Thursday, March 25, 2010

Orange Sour Cream Cake

I've been making a valiant effort to get rid of all the remaining dairy in my fridge and the oil in my pantry. And so I searched and researched all over the internet trying to find a recipe that used sour cream. Somewhere as I was clicking away I stumbled on an Orange Sour Cream cake recipe that not only used sour cream and oil but allowed me to make a dent in the container of oranges that sits in my room and stares at me, waiting to be used. For some reason, it seems that this year I've made orange cake more times than anything, in different variations. I made the ones you can search for on this site, this one and an orange chiffon cake that I never posted. I dont know what it is... Anyway, after making some adjustments to the written recipe, I set off to whip it up and it came together in no time at all. I baked it in my favorite 8 inch springform pan instead of a loaf because I just looove the way round tea cakes look. I didnt garnish or sprinkle this with anything, just served it plain just as it is. Let me tell you, sour cream is baking's best kept secret.

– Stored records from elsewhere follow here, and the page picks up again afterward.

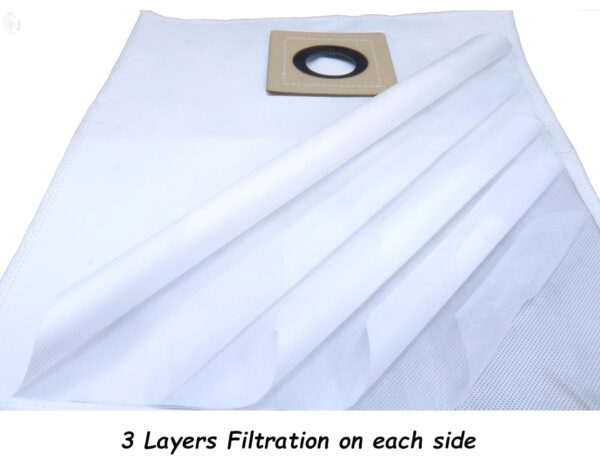 VCS Fleece Dust Bags Set Of 5 Compatible For KARCHER Wet and Dry Vacuum Cleaner NT 30/1 Tact L - Image 4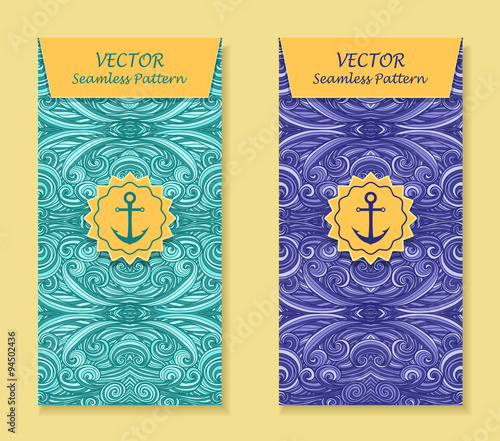 Set Vertical banners with abstract waves in blue marine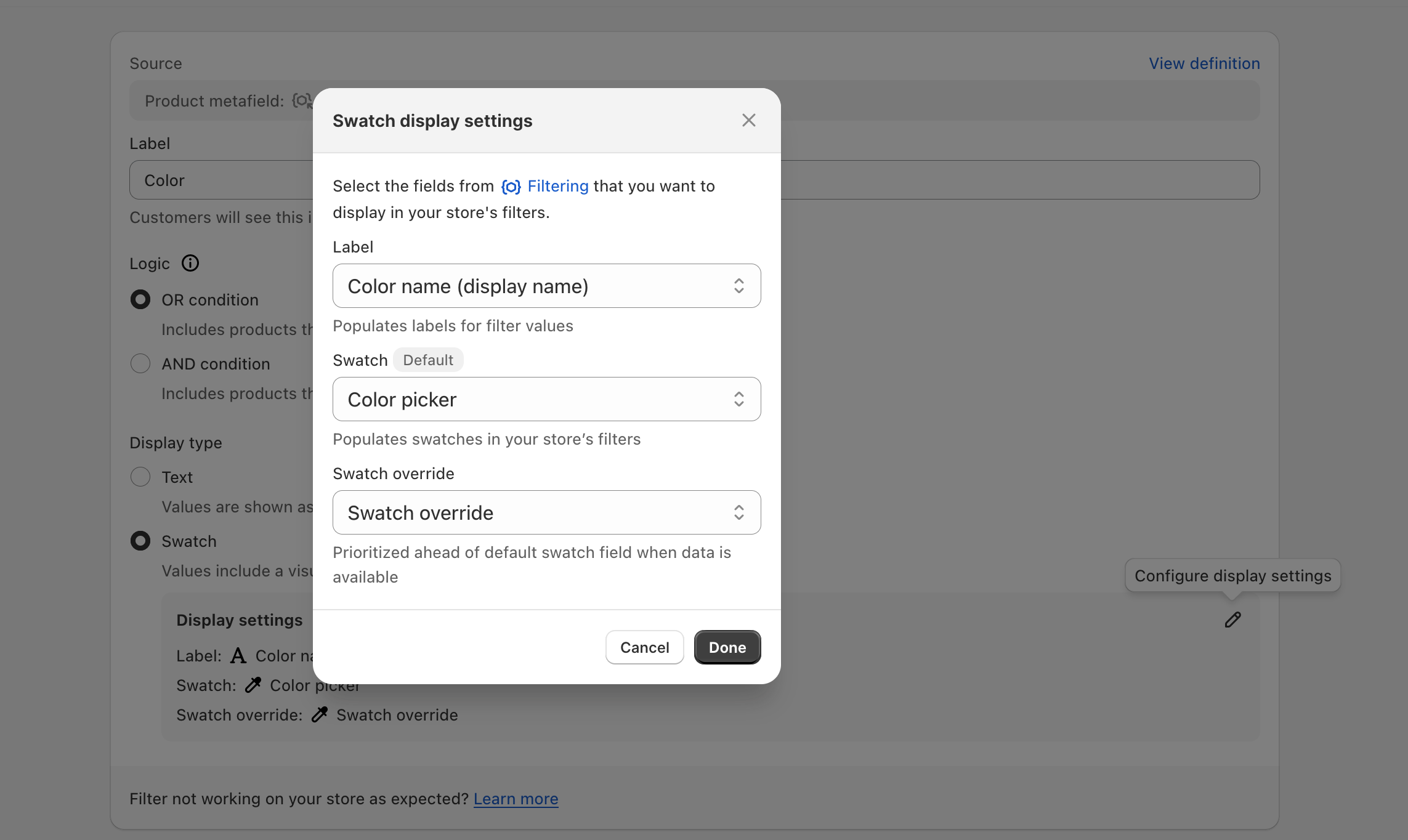 Setting a visual filer using Search & Discovery app on Shopify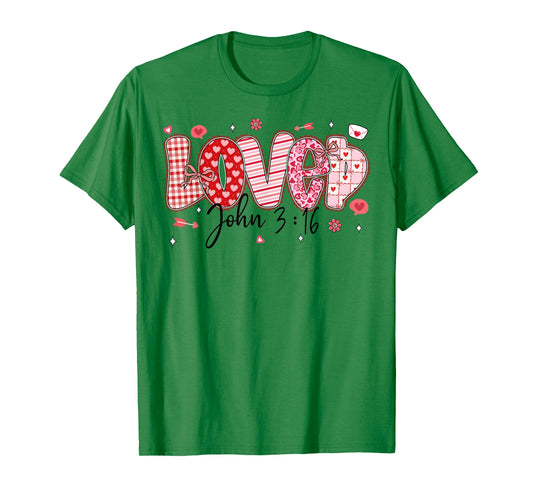 Love John 3:16 Valentine Coquette Bow Christian Women Girl T-Shirt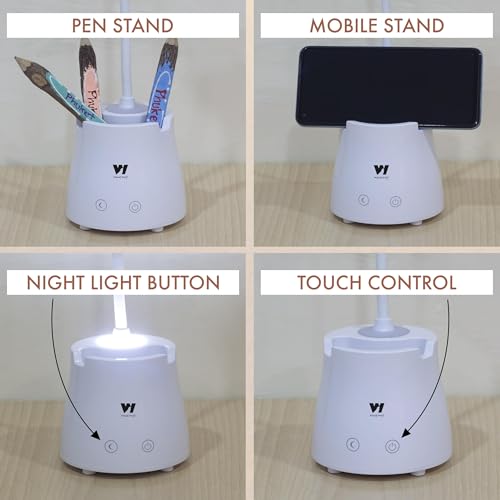 Image of WEIRD WOLF LED Study Table Lamp with Night Light| Pen Holder & Mobile Stand| 3 Brightness Modes Touch Control| Flexible Gooseneck| USB Type-C Charging| Eye-Care Desk Lamp for Students
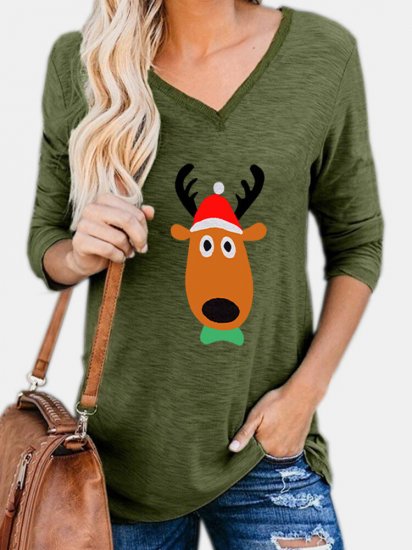 Christmas Cartoon Deer Print V-neck Long Sleeve Women T-Shirt - Click Image to Close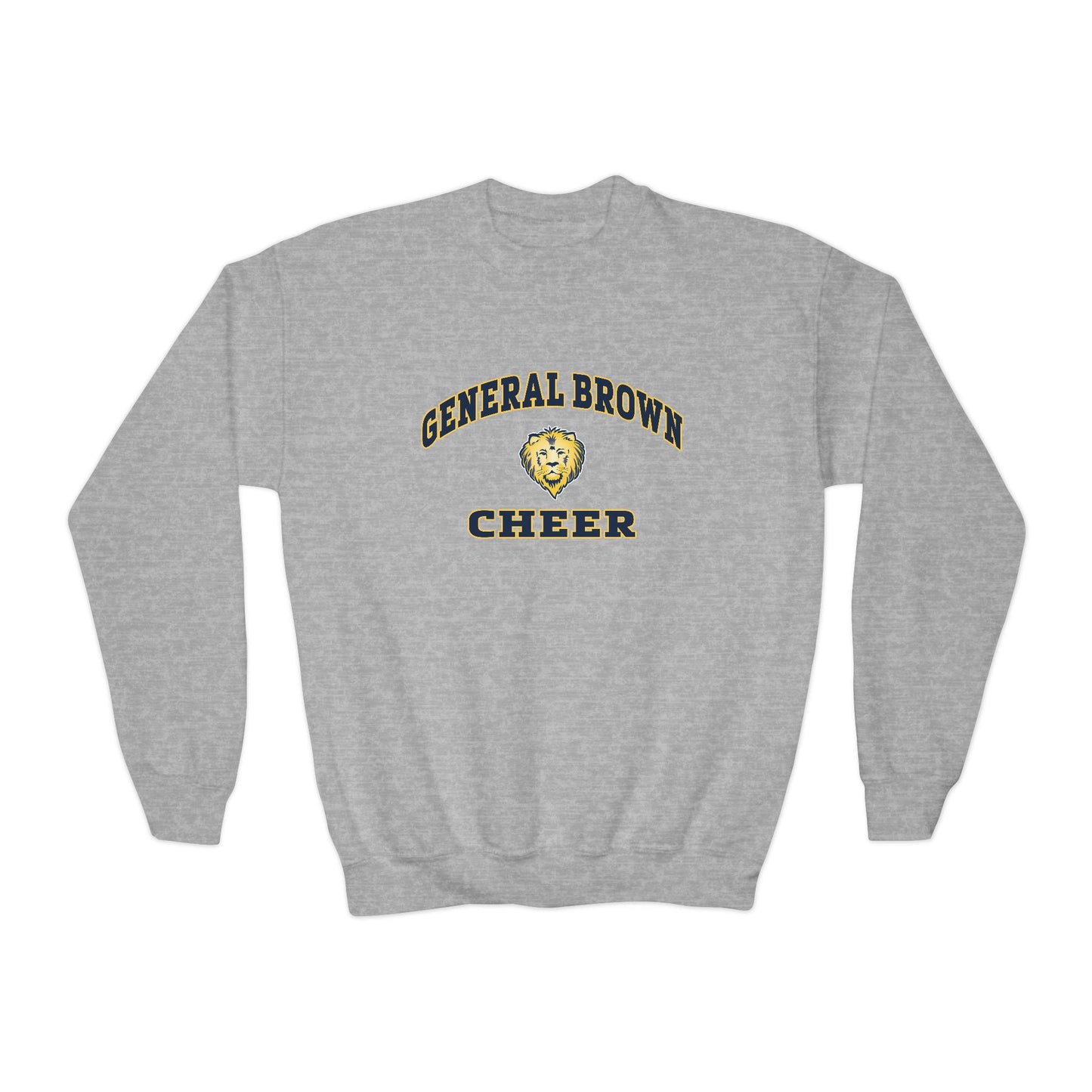 General Brown Cheer Youth Crewneck Sweatshirt - Cozy & Stylish for Young Fans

Together with the oil, the moist level was beautifully high. And the zest speckled the crumb so nicely. And you know what else? For all of my experimenting, it was a success. Girls who arent even fans of orange liked it. That, my friends, is a success.

Orange Sour Cream Cake
my way

3/4 cup sour cream
1/4 cup fresh squeezed orange juice
1 cup sugar
3 eggs
zest of three oranges
1 tsp vanilla
1/4 tsp salt
1/2 cup vegetable oil
2 tsp baking powder
1 1/2 cup flour

Preheat the oven to 350. Grease an 8 inch springform pan. Set aside.
Place the sour cream and sugar in a bowl.
Mix well.
Add the eggs, zest and vanilla, and beat until combined.
Slowly drizzle in the oil while whisking vigorously to emulsify the mixture.
Dump in all of the dry ingredients,
and whisk until smooth. Pour into the prepared pan.
Bake until a toothpick inserted comes out clean, around thirty minutes. Serve plain or with a dollop of whipped cream.

Wednesday, March 17, 2010

Orange Cornmeal Cake

It's eerily quiet around here. It's finally Pesach vacation and that means the girls are off in Poland and in America. O and E went up north with the rest of the girls and I'm in the dorms manning the fort. Today, I went out to see an Italian-Jewish art exhibit with one of the remaining girls and then to the shuk with her. It was really a lot of fun and it was great to get out and get some fresh air. I think tomorrow I'll head out to the soup kitchen and volunteer there. Anyway, since Pesach is all about not having chametz around, I decided to try hard to get rid of whatever I could before I leave. I have a whole kilo of cornmeal and I thought it might be worth it to make a dent in it. So I did. I made this Orange Cornmeal Cake from Martha's Everday Food. The bad news is, I only used about half cup cornmeal. The good news is that this cake was unexpectedly delicious. Why do I say unexpectedly? Because the last time I made the orange-cornmeal combination, the result was good but too salty. I thought it had to do with the combination itself because I had checked the salt content and was a bit apprehensive going into this. But I had oranges and cornmeal and I soldiered on. The cake is easy to put together as it uses oil and no margarine. The eggs and sugar are beaten while oil is drizzled in, creating a sort of emulsion. Then everything else is added, the batter is panned, topped with sugar and baked. Voila! You have orange cake. The orange is so wonderful here, words can't describe. It is moist and tender, although I wish the cornmeal played a slightly bigger role here. But no mind. This cake was perfection. Even the girls who were here to taste it thought so. I guess there is hope yet for sophisticating their palates.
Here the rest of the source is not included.